Taxation Act 1700
- Parliament of England
- Long title: An Act for granting to his Majesty several duties upon low wines or spirits of the first extraction, and continuing several additional duties upon coffee, tea, chocolate, spices and pictures, and certain impositions upon hawkers, pedlars, and petty chapmen, and the duty of fifteen per centum upon muslins, and for improving the duties upon japanned and lacquered goods, and for continuing the coinage duty, and the several terms and purposes therein mentioned.
- Citation: 12 & 13 Will. 3. c. 11
- Territorial extent: England and Wales

Dates
- Royal assent: 24 June 1701
- Commencement: 6 February 1701
- Repealed: 15 July 1867

Other legislation
- Amends: Coin Act 1666; Coinage Act 1672;
- Repealed by: Statute Law Revision Act 1867
- Relates to: Estreats (Personal Representatives) Act 1692; Coinage Act 1685; Coinage Act 1708;

Status: Repealed

Text of statute as originally enacted

= Taxation Act 1700 =

Act of the Parliament of England

The Taxation Act 1700 (12 & 13 Will. 3. c. 11) was an act of the Parliament of England.

== Provisions ==
Section 12 of the act revived and continued the Coin Act 1666 (18 & 19 Cha. 2. c. 5), as continued by the Coinage Act 1672 (25 Cha. 2. c. 8), revived and continued by the Coinage Act 1685 (1 Ja. 2. c. 7) and continued by the Estreats (Personal Representatives) Act 1692 (4 Will. & Mar. c. 24), until the end of the first session of the next parliament 7 years after 1 June 1701.

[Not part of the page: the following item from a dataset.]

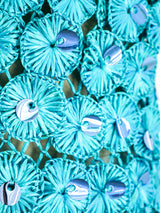 Turquoise Raffia Mini Dress Dress arcadeshops.com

== Subsequent developments ==
Section 1 of the Coinage Act 1708 (7 Ann. c. 24) continued the Coin Act 1666 (18 Cha. 2. c. 5), as continued by the Coinage Act 1672 (25 Cha. 2. c. 8) and revived and continued by the Estreats (Personal Representatives) Act 1692 (4 Will. & Mar. c. 24), continued by the Estreats (Personal Representatives) Act 1692 (4 Will. & Mar. c. 24) and continued by the act, until the end of the next session of parliament after 7 years from 1 March 1708.

The whole act was repealed by section 1 of, and the schedule to, the Statute Law Revision Act 1867 (30 & 31 Vict. c. 59), which came into force on 15 July 1867.